I'm not in debt, and not in financial trouble. Maybe the opposite - I've got substantial savings with them.
I also have a lot of money in my current account as a result of closing and transferring from my Halifax savings account.

The other day I went into the branch - about 20 minutes before closing. I wanted to withdraw 5K in cash. 
A spotty teenager behind the counter copped an attitude immediately, telling me he 'would only give me 4K'.
Now, there are signs at the tellers counters saying you can withdraw a maximum of 5K per day. I asked where this 4K limit was coming from? He stared at me like a goldfish. I asked again. Where does this 4K figure come from? 
"Security reasons" sez he.
Whose security sez I?
"Its almost closing time" sez he.
So what, sez I!!
"You should have given us notice" sez he.
Where does it say I have to give any bloody notice to withdraw my own money sez I.
"you need clearance from the customer service rep, over there" sez he.
OK, I said, and proceeded to the 'Customer service' counter.

I explained what I needed to the female clerk. She then picked up the phone and called spotty teen, and commenced cajoling and whinging to him , could he give me (30 year customer) my OWN 5K pretty please??

After several mutterings back and forth she asked me to sign a withdrawal slip, and then said "I have have to get this approved by the Branch Manager" and slipped off into a backroom.

After several minutes she reappeared and said - ok, we'll give you the money, but can I ask you, why do you want it in cash?
I replied - no you cannot ask me.
I took the slip, got the money, and left.

Now I've banked all over the world, most recently in the Far East where I withdrew 12K over the counter in cash and nobody even blinked.

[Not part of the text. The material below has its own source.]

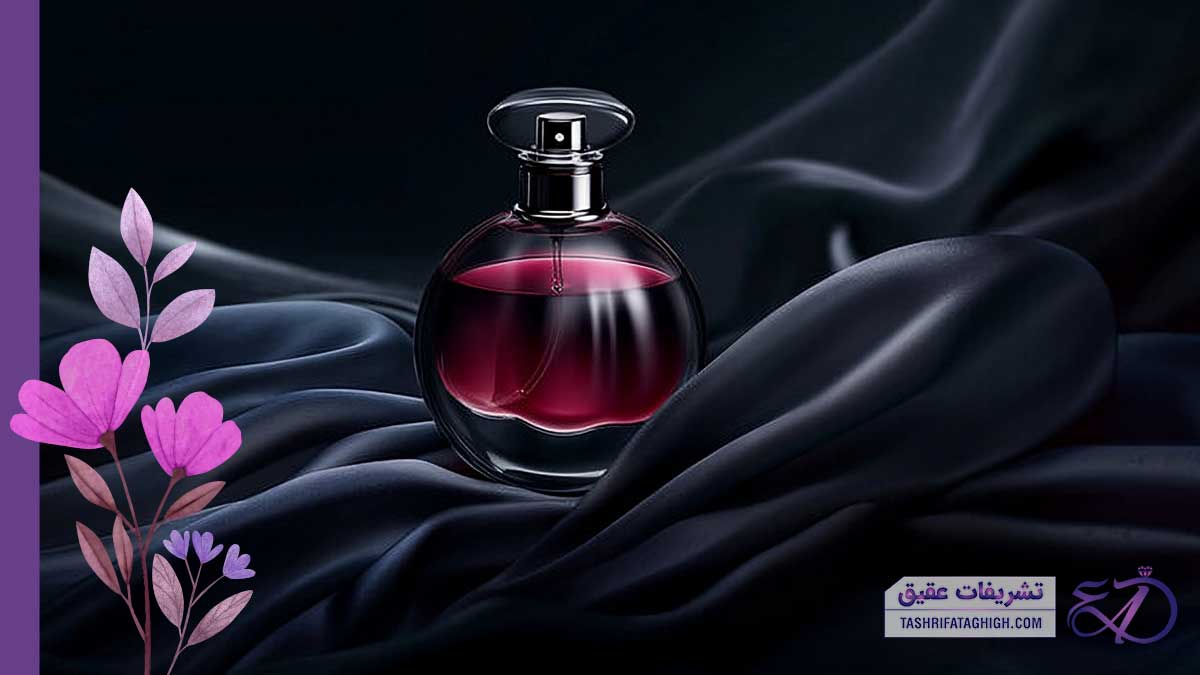 10 بهترین عطر فروشی در غرب تهران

What is it with the Irish banks?
Are they afraid of a run??
5K, fer gods sake! You'd think I was pulling out a 100K or something.
I'm inclined to find a new bank which doesn't flip at the sight of cash.
Anybody know one?


----------



## DrMoriarty (23 Mar 2010)

There's that big one up on St Stephen's Green, what's it called again...?


----------



## Starbuck (23 Mar 2010)

The Bankers Club? That'd be cash only alright.


----------



## TOFFEEPOD (23 Mar 2010)

ATTIDUDE on both sides seems to be a problem in this post
starbuck 

"A spotty teenager behind the counter copped an attitude immediately, telling me he 'would only give me 4K'.
Now, there are signs at the tellers counters saying you can withdraw a maximum of 5K per day. I asked where this 4K limit was coming from? He stared at me like a goldfish. I asked again. Where does this 4K figure come from? 
"Security reasons" sez he."


----------



## DrMoriarty (23 Mar 2010)

Starbuck said:


> The Bankers Club? That'd be cash only alright.


No, opposite side of the Green, nos. 18-21...


----------



## mathepac (23 Mar 2010)

TOFFEEPOD said:


> ATTIDUDE on both sides seems to be a problem in this post ...


I'd have a bit of an attitude myself if I was refused access to my own money and got a series of makey-uppy reasons (aka lies) for the refusal into the bargain.


----------



## Bronco Lane (23 Mar 2010)

There may have been a shortage of cash in the branch at the time. Most branches give their cash order to their cash control centre at the beginning of the week for delivery on a Thursday or Friday. It is a balancing act trying to calculate how much cash you will need for the Thursday/Friday withdrawals taking in to account the Lodgments on a Monday and Tuesday from the business community.
I remember one instance where I had to hand out 50p coins on a Friday afternoon at closing time to one customer, I had already handed out my "soiled" notes.
Needless to say I had no problem balancing my cash that day.  Great times.


----------



## Starbuck (23 Mar 2010)

First - it was a Friday.
Second - the real reason (revealed during mutterings) was the spotty twerp had done his 'cashing up' or whatever they like to term it - twenty minutes before closing, and I was inconveniencing him by asking him to open up again. 
Third - attitude??? Its MY MONEY. OUR MONEY!!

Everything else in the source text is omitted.